The following scenarios describe the use cases and configuration required when you use PXF to access non-secured Hadoop. If you are using PXF to access a Kerberos-secured Hadoop cluster, refer to the Use Cases and Configuration Scenarios section in the Configuring PXF for Secure HDFS topic.
Note: These scenarios assume that gpadmin
is the PXF process owner.
This is the default configuration for PXF. The gpadmin
user proxies Greenplum queries on behalf of Greenplum users. The effective user in Hadoop is the Greenplum user that runs the query.
The following table identifies the pxf.service.user.impersonation
and pxf.service.user.name
settings, and the PXF and Hadoop configuration required for this use case:
Impersonation | Service User | PXF Configuration | Hadoop Configuration |
---|---|---|---|
true | gpadmin |
None; this is the default configuration. | Set the gpadmin user as the Hadoop proxy user as described in Configure Hadoop Proxying. |
In this configuration, PXF accesses Hadoop as the Greenplum user proxied by <custom> user. A query initiated by a Greenplum user appears on the Hadoop side as originating from the (<custom> user.
This configuration might be desirable when Hadoop is already configured with a proxy user, or when you want a user different than gpadmin
to proxy Greenplum queries.
The following table identifies the pxf.service.user.impersonation
and pxf.service.user.name
settings, and the PXF and Hadoop configuration required for this use case:
Impersonation | Service User | PXF Configuration | Hadoop Configuration |
---|---|---|---|
true | <custom> | Configure the Hadoop User to the <custom> user name. | Set the <custom> user as the Hadoop proxy user as described in Configure Hadoop Proxying. |
In this configuration, PXF accesses Hadoop as the gpadmin
user. A query initiated by any Greenplum user appears on the Hadoop side as originating from the gpadmin
user.
The following table identifies the pxf.service.user.impersonation
and pxf.service.user.name
settings, and the PXF and Hadoop configuration required for this use case:
Impersonation | Service User | PXF Configuration | Hadoop Configuration |
---|---|---|---|
false | gpadmin |
Turn off user impersonation as described in Configure PXF User Impersonation. | None required. |
In this configuration, PXF accesses Hadoop as a <custom> user. A query initiated by any Greenplum user appears on the Hadoop side as originating from the <custom> user.
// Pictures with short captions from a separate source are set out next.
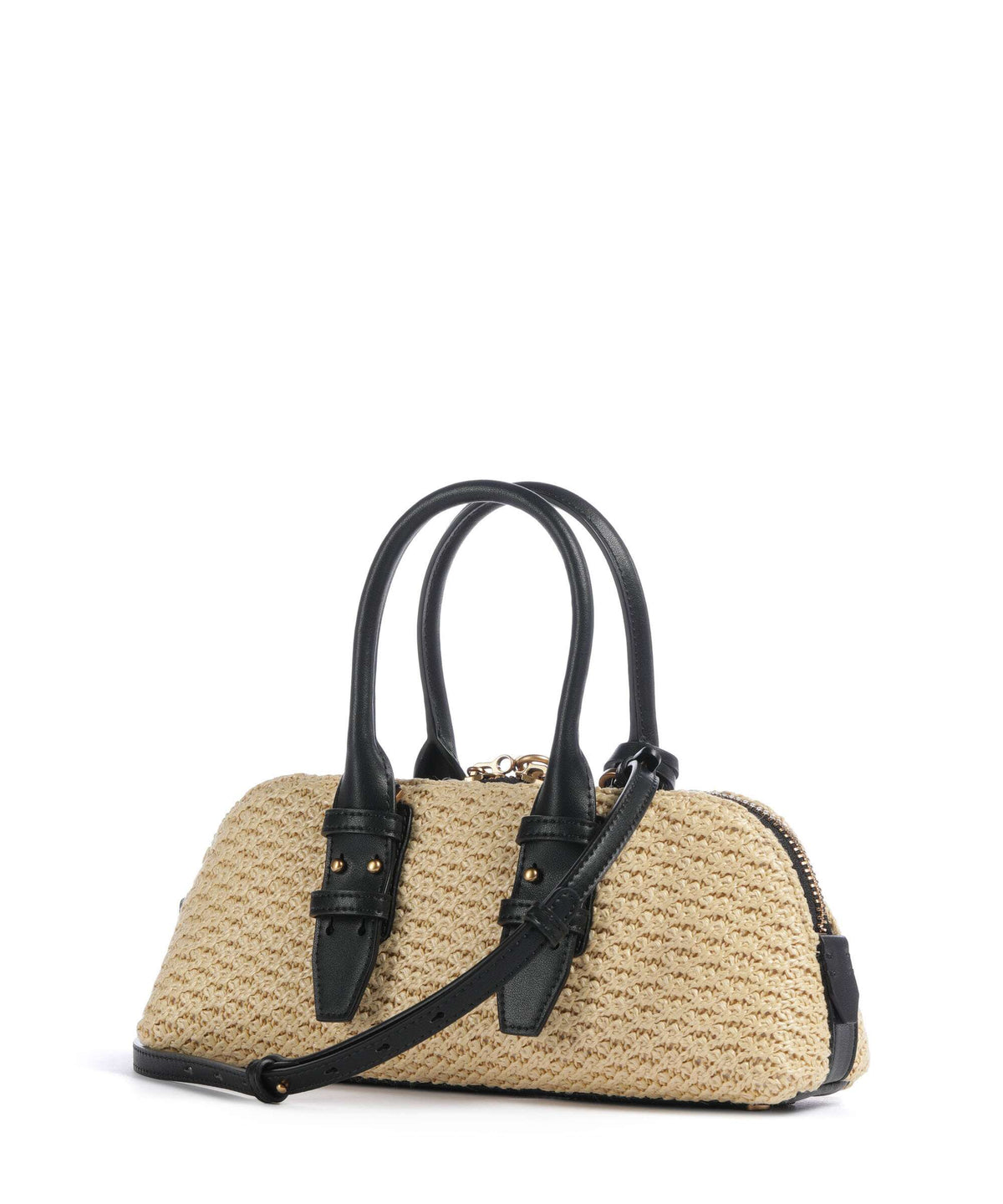 Pinko Bowling Horizontal Handbag rafia/nero/antique gold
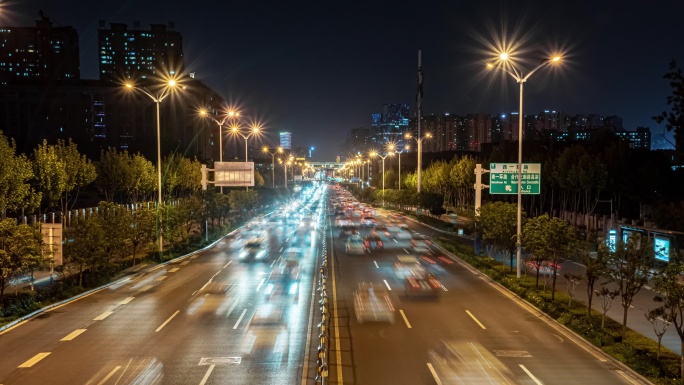 夜景城市交通延时，合肥五里墩，光影流转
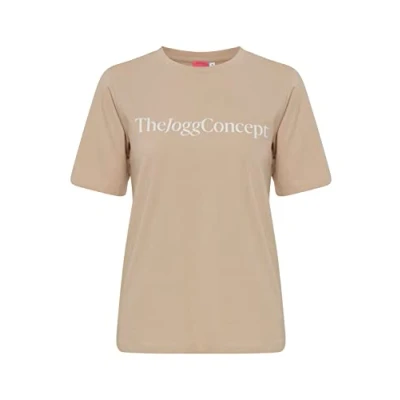 Afbeelding van Thejoggconcept Jcsimona LOGO Tshirt print, Dames, Maat: XS, Beige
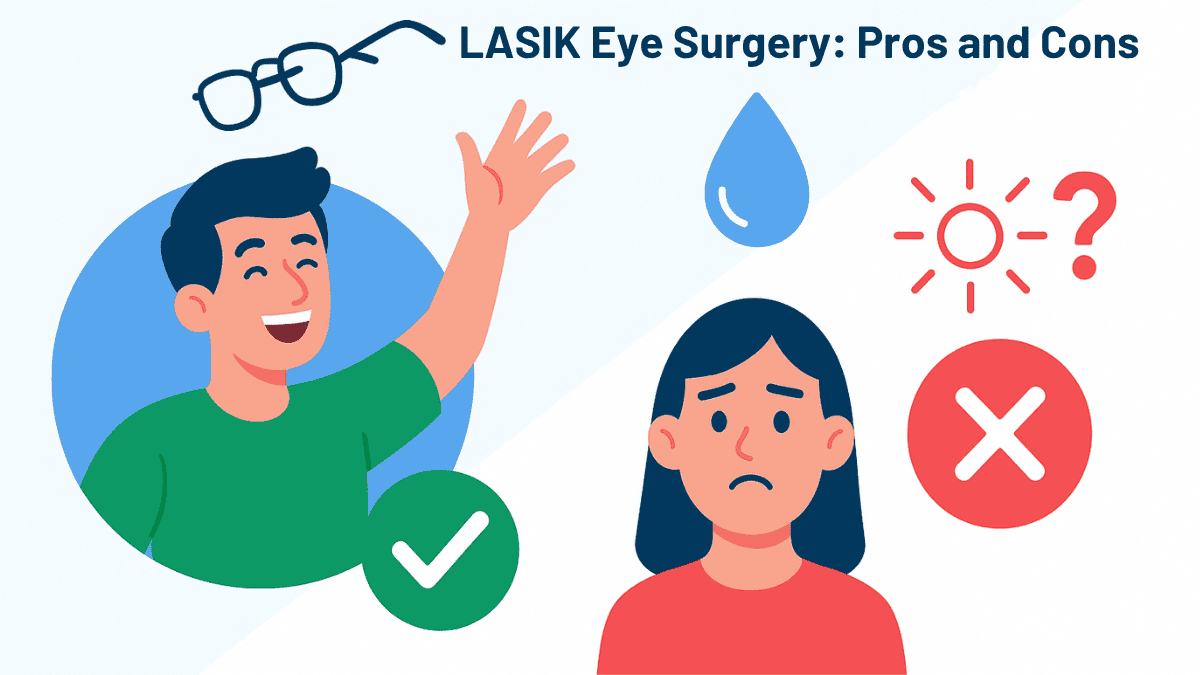 Visual split showing pros and cons of LASIK eye surgery in 2025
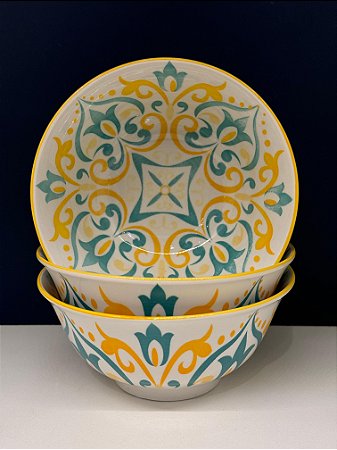 Bowl - Cerâmica - Verde e Amarelo - Tamanho Médio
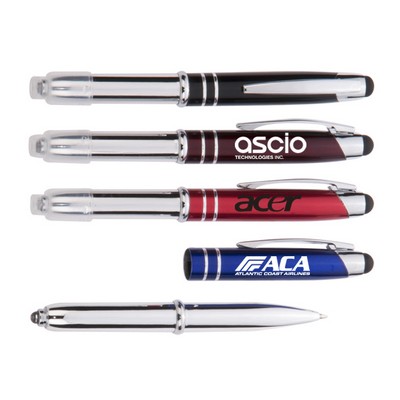 3" 1 Stylus Metal Ballpoint Pen and LED Flashlight
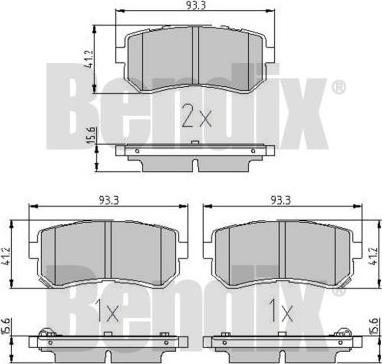 BENDIX 510983 - Комплект спирачно феродо, дискови спирачки vvparts.bg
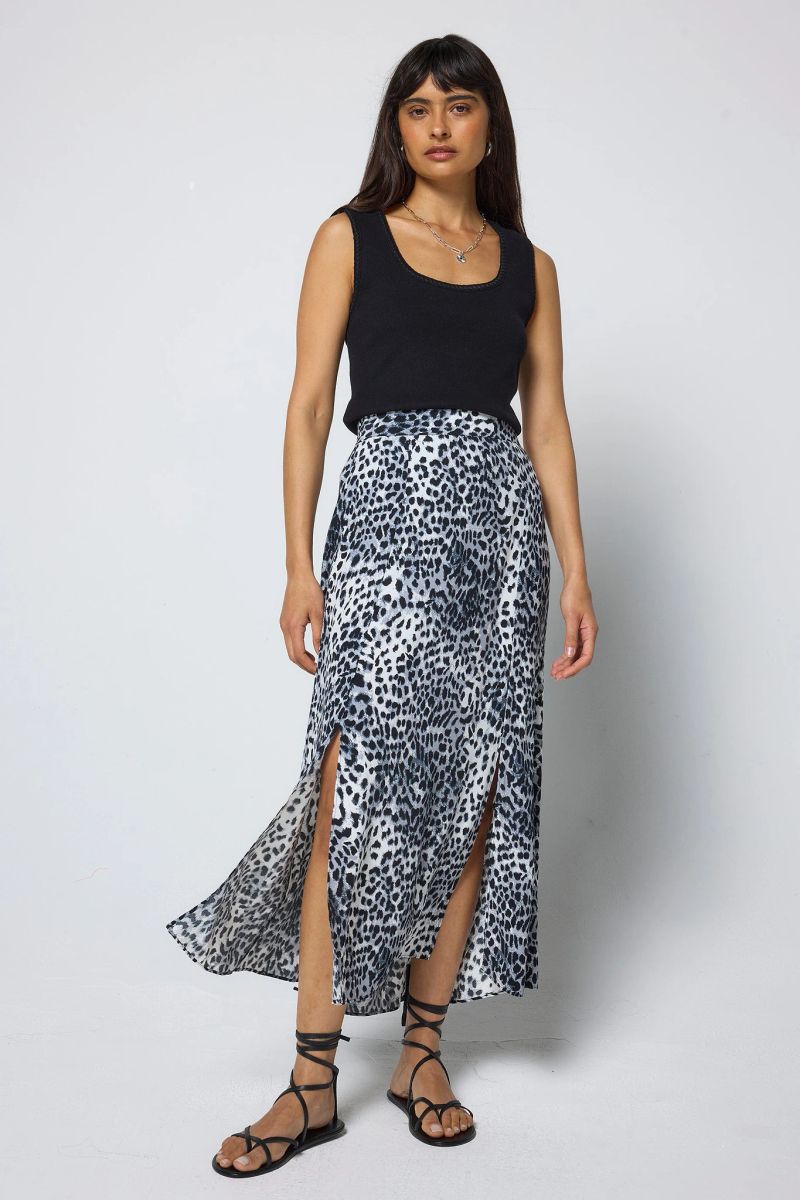 Grey with White and Black Cheetah Split Front Skirt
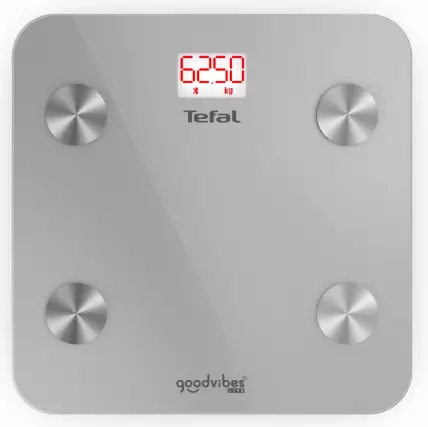 Напольные весы диагностические Tefal Goodvibes Life, Grey (BM9600S1), 10 параметров измерения, 160 кг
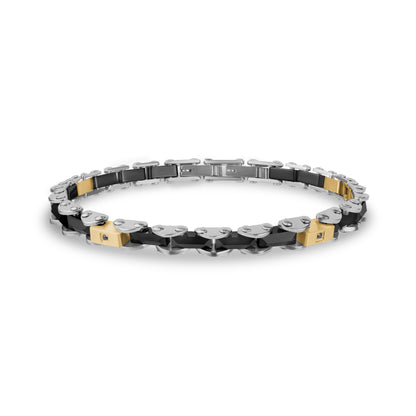 Ceramic Gold Fusion Bracelet - Mens Steel Bracelets - The Steel Shop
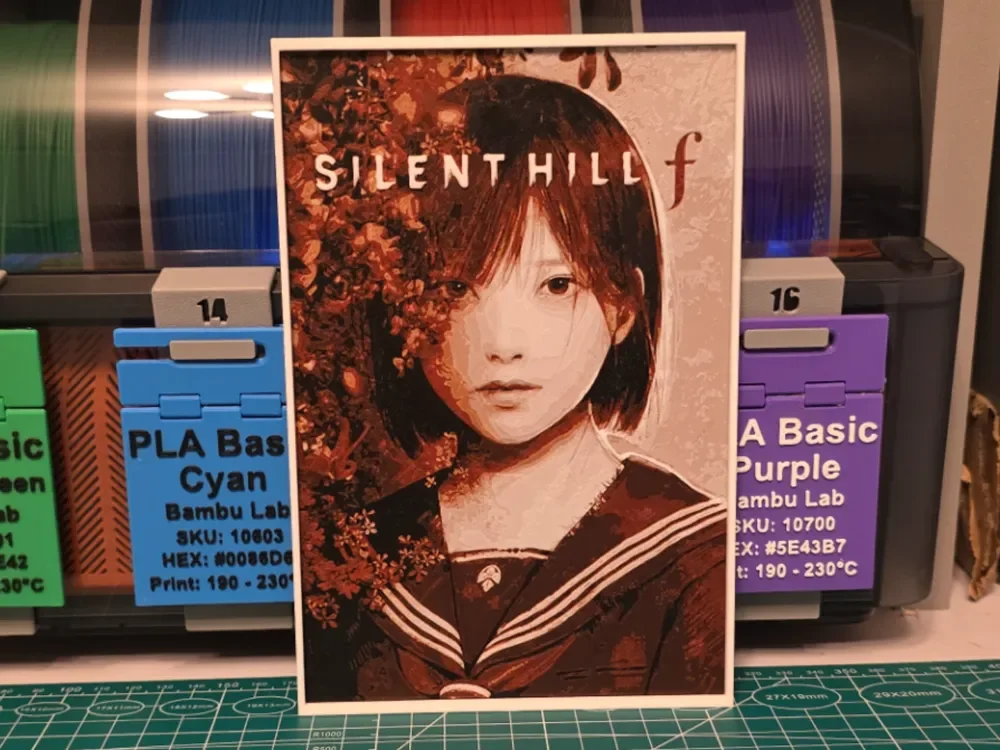 Silent Hill f Game Poster - Hueforge Art by Lumpy3D HueForge model: Silent Hill f Game Poster - Hueforge Art by Lumpy3D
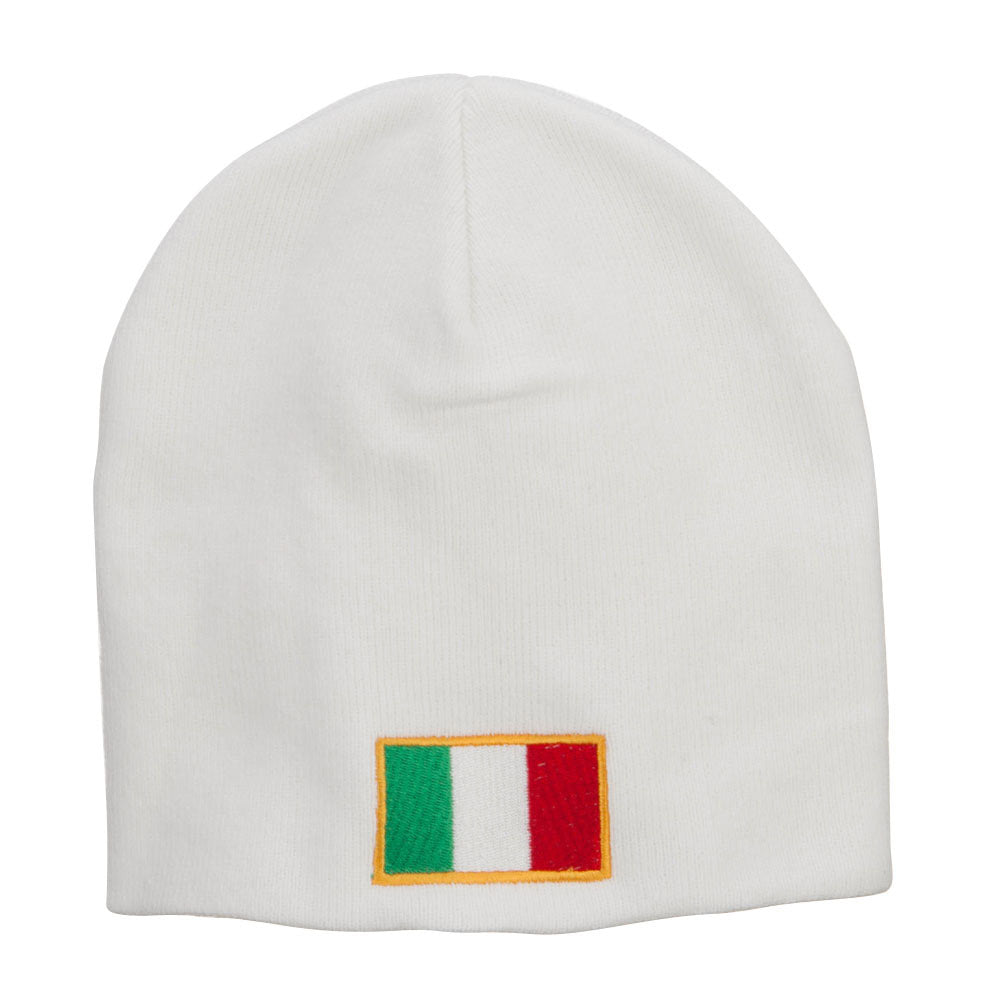 Europe Italy Flag Embroidered Big Short Beanie - White XL-3XL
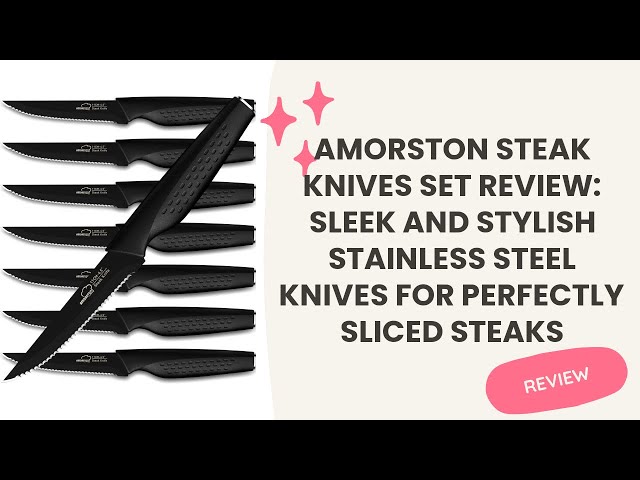 Amorston Steak Knives, Steak Knives Set of 8, Stainless Steel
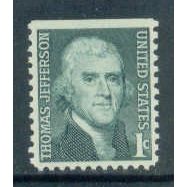 1278 1c Thomas Jefferson Fine MNH Dry Gum BPS Top V4419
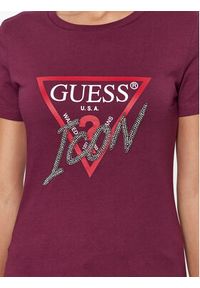 Guess T-Shirt W3BI42 I3Z14 Fioletowy Regular Fit. Kolor: fioletowy. Materiał: bawełna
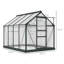 Serre d'extérieur en aluminium et polycarbonate gris 6,2 pi x 8,3 pi x 6,6 pi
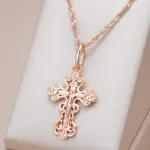 Kinel-collar con colgante de cruz de Color oro rosa 585, lujo, para mujeres y hombres, Iglesia Ortodoxa, Jesús, abalorio brillante, joyería fina diaria 1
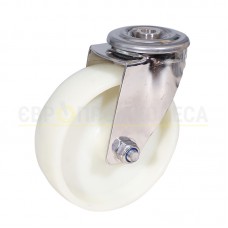 Колесо з термостійкого поліаміду у нерж. глянцевому поворотному кронштейні з отвором 7380Н100 АВН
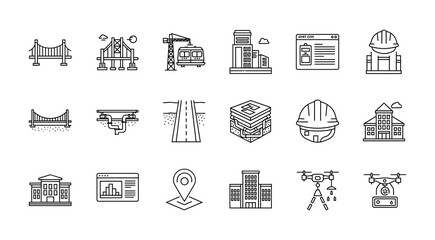 Fototapeta premium Construction and Engineering Icons Set Featuring Bridges Buildings and Machinery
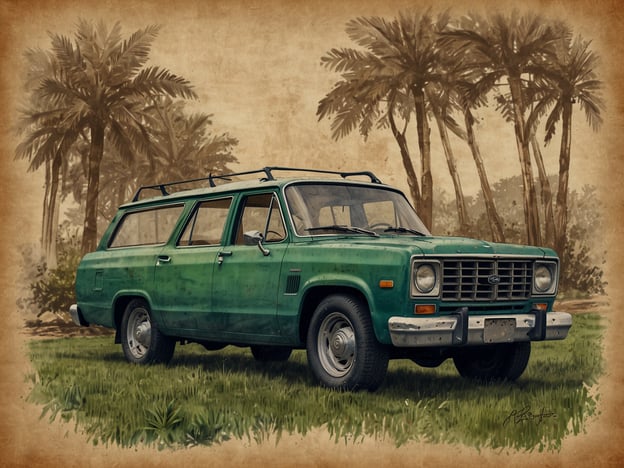 Auf dem Bild ist ein grüner Oldtimer-Wagen zu sehen, umgeben von einer natürlichen Umgebung mit Palmen im Hintergrund. Diese Darstellung könnte in den Kontext von nachhaltigem Tourismus eingeordnet werden, wo der Schwerpunkt auf der Erhaltung der Natur und der Integration von umweltfreundlichen Transportmitteln liegt.Ein solcher Oldtimer könnte als Symbol für Reisen in unberührte Naturräume gelten, wobei das Ziel darin besteht, den Massentourismus zu vermeiden und ein Bewusstsein für Naturschutz und umweltbewusstes Reisen zu fördern. Der Erhalt solcher Fahrzeuge in Verbindung mit einer nachhaltigen Nutzung könnte das Engagement für den Schutz der Umwelt unterstreichen.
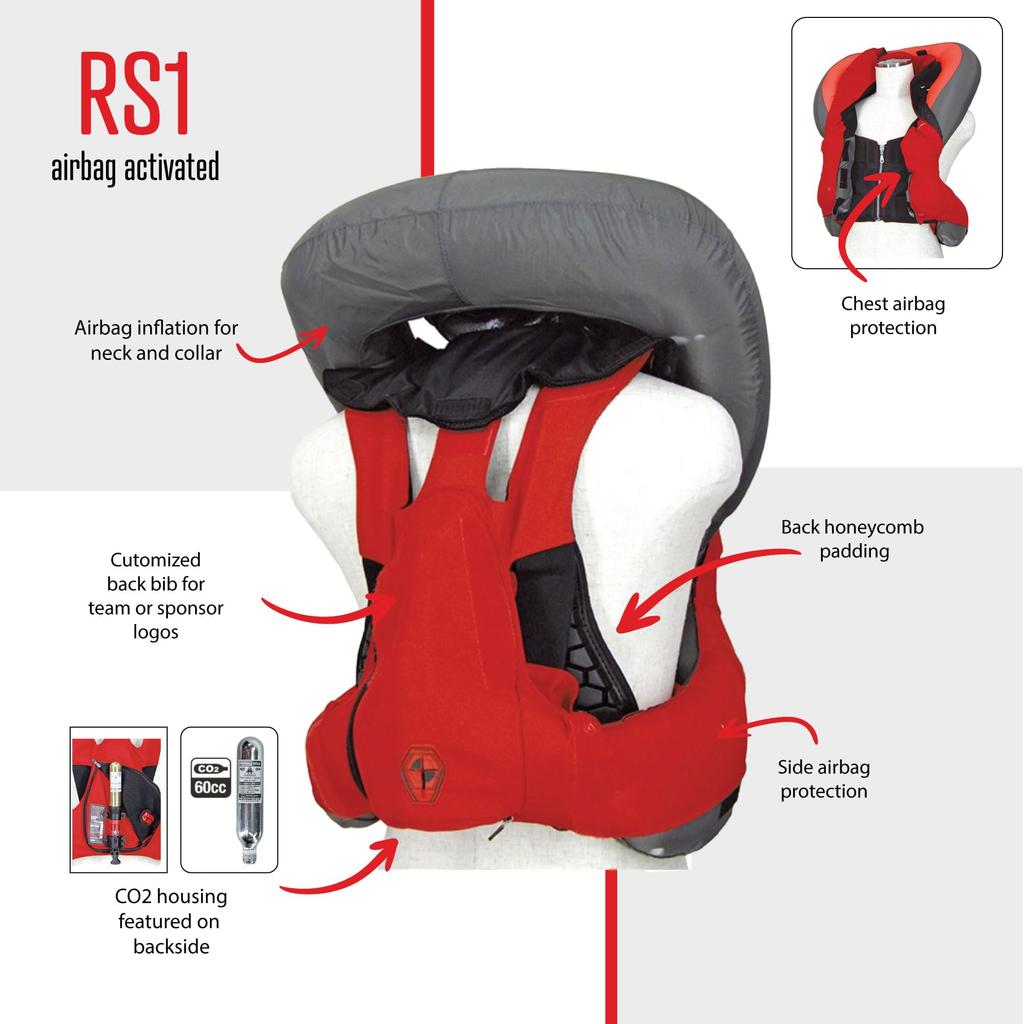 Kamizelka z poduszką powietrzną Airbag rozmiary XL Hit-Air (Mugen Denko) RS-1 Rurka, Poliuretan, Czerwona, (pasuje na XL-3XL) [HTRC2.2]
The following table identifies the pxf.service.user.impersonation
and pxf.service.user.name
settings, and the PXF and Hadoop configuration required for this use case:
Impersonation | Service User | PXF Configuration | Hadoop Configuration |
---|---|---|---|
false | <custom> | Turn off user impersonation as described in Configure PXF User Impersonation and Configure the Hadoop User to the <custom> user name. | None required. |
By default, PXF accesses Hadoop using the identity of the Greenplum Database user. You can configure PXF to access Hadoop as a different user on a per-server basis.
Perform the following procedure to configure the Hadoop user:
Log in to your Greenplum Database master host as the administrative user:
$ ssh gpadmin@<gpmaster>
Identify the name of the Hadoop PXF server configuration that you want to update.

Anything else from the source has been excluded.